Il lavoro sull’equilibrio presuppone la capacità di stare nel di­se­quilibrio è una sua affermazione che ribadisce an­che nelle conferenze e nei seminari che è chiamato spes­so a tenere. Mi spie­­ga meglio cosa intende?

«La nostra vita si sviluppa nel disequilibrio, che è anche generativo. La camminata stessa, il procedere facendo un passo significa muovere da uno stato di disequilibrio. Che è quella con­dizione che intercorre tra due estremi, tra famiglia e lavoro, per esempio. La gestione di questo disequilibrio è l’armonia, è rendersi conto che due è parte di uno, che di un’unità ci possono essere due emanazioni».

Concretamente?
«Stando all’esempio, che non si deve scegliere tra lavoro e famiglia, ma si possono conciliare».

Già, la famiglia: sua moglie non le hai mai chiesto di cambiare mestiere? Dopotutto ha una laurea in Filosofia, una cosa ben più tranquilla…
«Ma quando mai! Mia moglie è un’acrobata».

Della vita? Nel senso che è un modo di dire?
«No no, fa proprio l’acrobata. E mia figlia che ha nove anni considera i nostri lavori una cosa normale. Un papà fa l’avvocato, uno l’idraulico, il suo il funambolo».

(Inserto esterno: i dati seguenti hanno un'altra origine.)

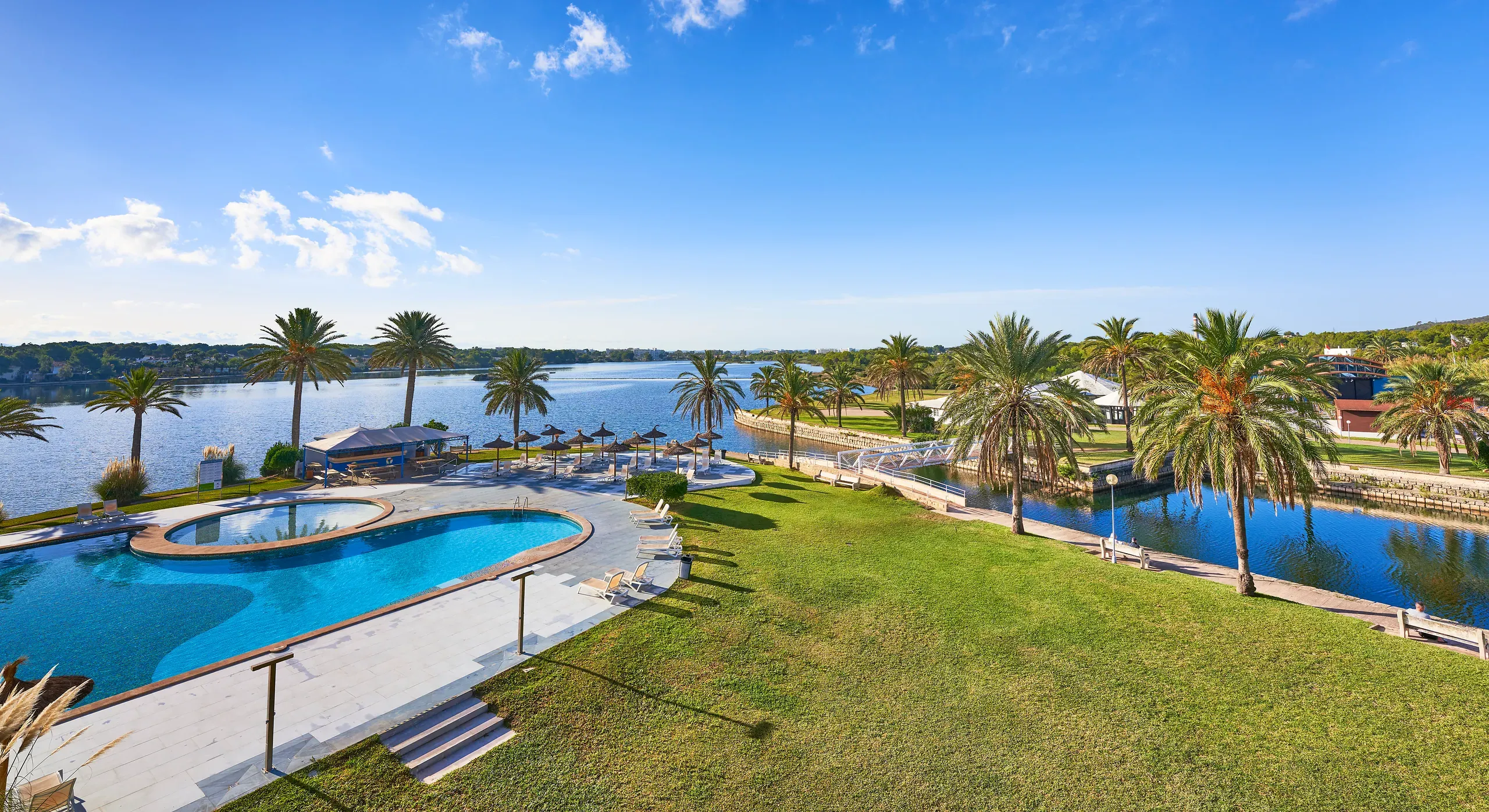 Vista aerea della piscinaO7 Be Klub Kalma | O7 Hotels | Maiorca | Sito ufficiale e del lago con palme e lettini prendisole.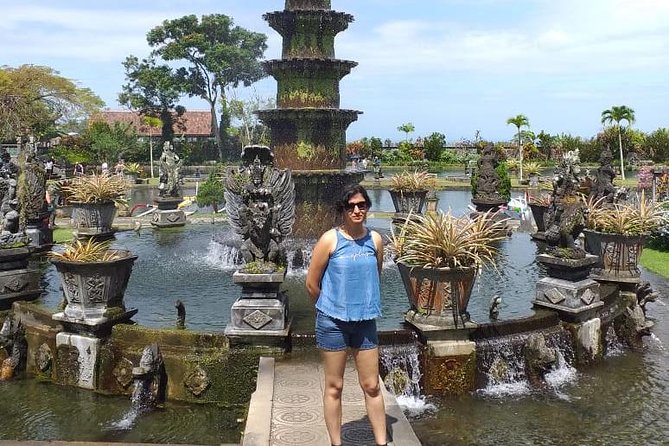 Bali Instagram Tour: The Most Scenic Spots - Crowds, queues, and why the day can stretch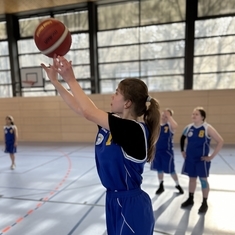 Die SchülerInnen spielen Basketball.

Non ha mai espresso il desiderio di emularla?
«Per ora no e io non intendo incentivarla. Anche per evitare di ottenere il contrario».

Mi dica ancora una cosa: nel suo libro “Breve corso di fu­nam­bolismo per chi cammina col vento. Sette passi per attraversare la vita”, edito da Mon­dadori, si parla anche di gentilezza. Com’è un funambolo gentile rispetto a uno che non lo è?

«La gentilezza arriva anche da una grazia del corpo, da un’armonia, da una rilassatezza che al funambolo è essenziale. E che poi diventa attitudine pure nella vita».